Results and Analysis
At the end of the preprocessing stage, a data set with 513 highly abundant miRNAs was obtained after removing miRNAs with less than 50 read counts across all samples. Considering the cut-off significance value as 0.05 and fold change (log2) as 1, the number of features were reduced up to 228. With the AUC analysis we further reduced the number of miRNAs and at the end of the statistical analysis, we identified 219 miRNAs as a set of highly expressed miRNAs. From the univariate feature selection method, we identified 50 miRNAs which have a significance relationship with class value. We identified 14 common miRNAs from two sets of miRNAs selected from PCA and random forest analysis. They are hsa-miR-186-5p, hsa-miR-144-3p, hsa-miR-151a-3p, hsa-miR-99b-5p, hsa-miR-98, hsa-miR-148a-3p, hsa-let-7g-5p, hsa-let-7f-5p, hsa-let-7a-5p, hsa-miR-30d-5p, hsa-miR-15a-5p, hsa-miR-589-5p, hsa-miR-144-5p, and hsa-let-7f-5p. We used heat maps for making a judgement on the correlation of each features obtained from previously mentioned two methods. Figure 2 and Figure 3 show how different features obtained from PCA and Random Forest analysis, are correlated. With the help of the heat maps, we decided to use 36 less correlated features for further analysis using correlation coefficients. Out of the different machine learning algorithms which we modelled for our initial data set, we identified the three most accurate algorithms namely, Support Vector Machine, Logistic Regression and Random Forest. For the data set with the 36 miRNAs, we calculated classification accuracy using those three models by varying the correlation coefficients. For each model we identified a correlation coefficient which gave the highest accuracy. Fig. 4 shows the plots with correlation coefficient against the classification accuracy of three models The three correlation coefficients were 0.9975, 0.5875 and 0.5300 for SVM, Logistic Regression and Random Forest respectively. Using those 3 correlation coefficients, three sub sets of miRNAs were obtained from the earlier used 36. As we calculated classification accuracy for the previously mentioned three subsets, we identified 11 miRNAs which provided the highest classification accuracy. They are, hsa-miR-4781-3p, brain-miR-112, hsa-let-7a-5p, hsa-miR-148b-5p, hsa-miR-29b-3p, brain-miR-431, hsa-miR-378a-5p, hsa-miR-548h-5p, hsa-miR-3909, hsa-miR-625-5p, and hsa-miR-24-3p.

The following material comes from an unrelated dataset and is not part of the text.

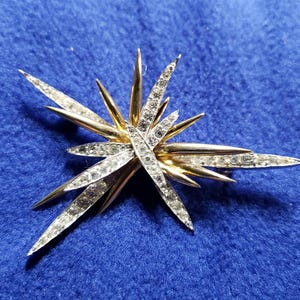 Rare Jomaz signed Starburst brooch. Rhinestone and gold tone. 1950s haute couture. Vintage beauty.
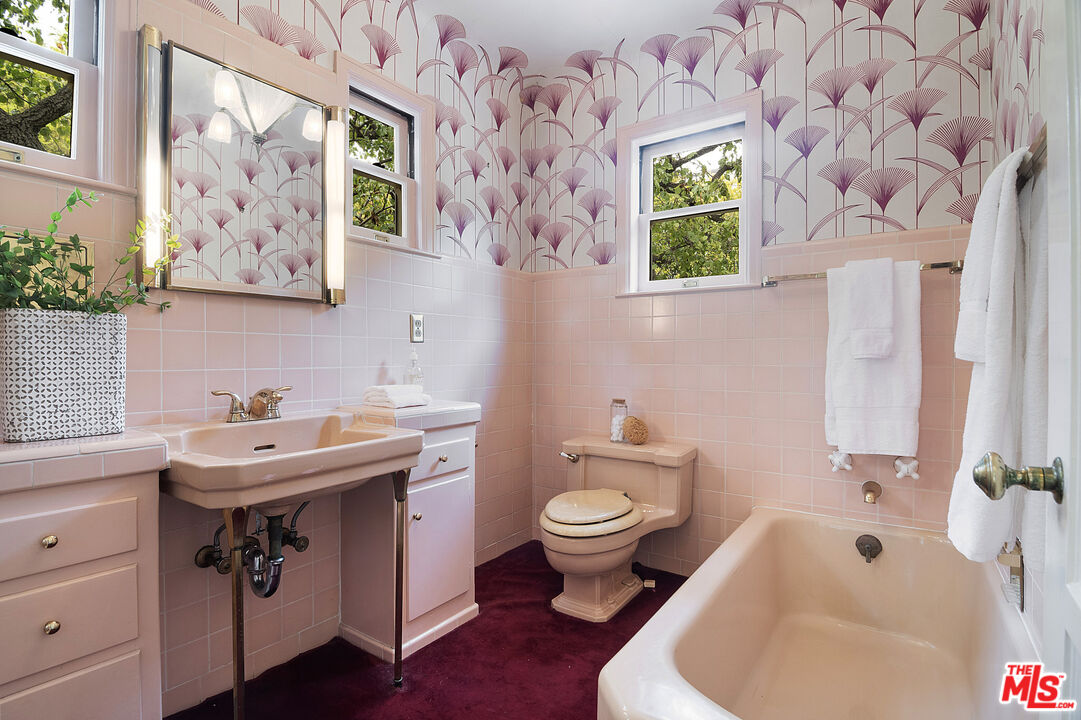 1259 N Doheny Dr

In this report we have discussed about how to detect miRNA biomarkers for Alzheimer’s disease using next generation sequencing. Initially we have discussed about the need of a solution to identify Alzheimer’s disease in the early stage. Then we have mentioned about the literature review we have done. When we were doing the literature review, we have identified several miRNA biomarkers in different studies which used NGS. In these studies there were some limitations. In our approach so far, initially we have taken samples from participants with AD and control. Then samples were preprocessed and statistically analyzed. Significance values were calculated using Wilcoxon-Mann-Whitney (WMW) test. Also we have used ROC analysis. Using this procedure, here we have identified a set of significant miRNAs for AD. Using PCA, Random Forests and Correlation coefficient we identified 25 biomarker miRNAs for AD. In the next phase we validated the the result using HMDD v3.2. Leidinger et al., who have carried out a different method to find biomarkers using the same data set, have stated that they have obtained an accuracy of 93.3\% where we obtained an accuracy of 95.24\%. Addition to that we evaluated the results with specificity, sensitivity and AUC values as discussed previously. In addition to diagnosis of AD patients with the final set of biomarkers, the followed methodology can be used to identify different cures for other neurological diseases including AD, by effortlessly analyzing various data sets.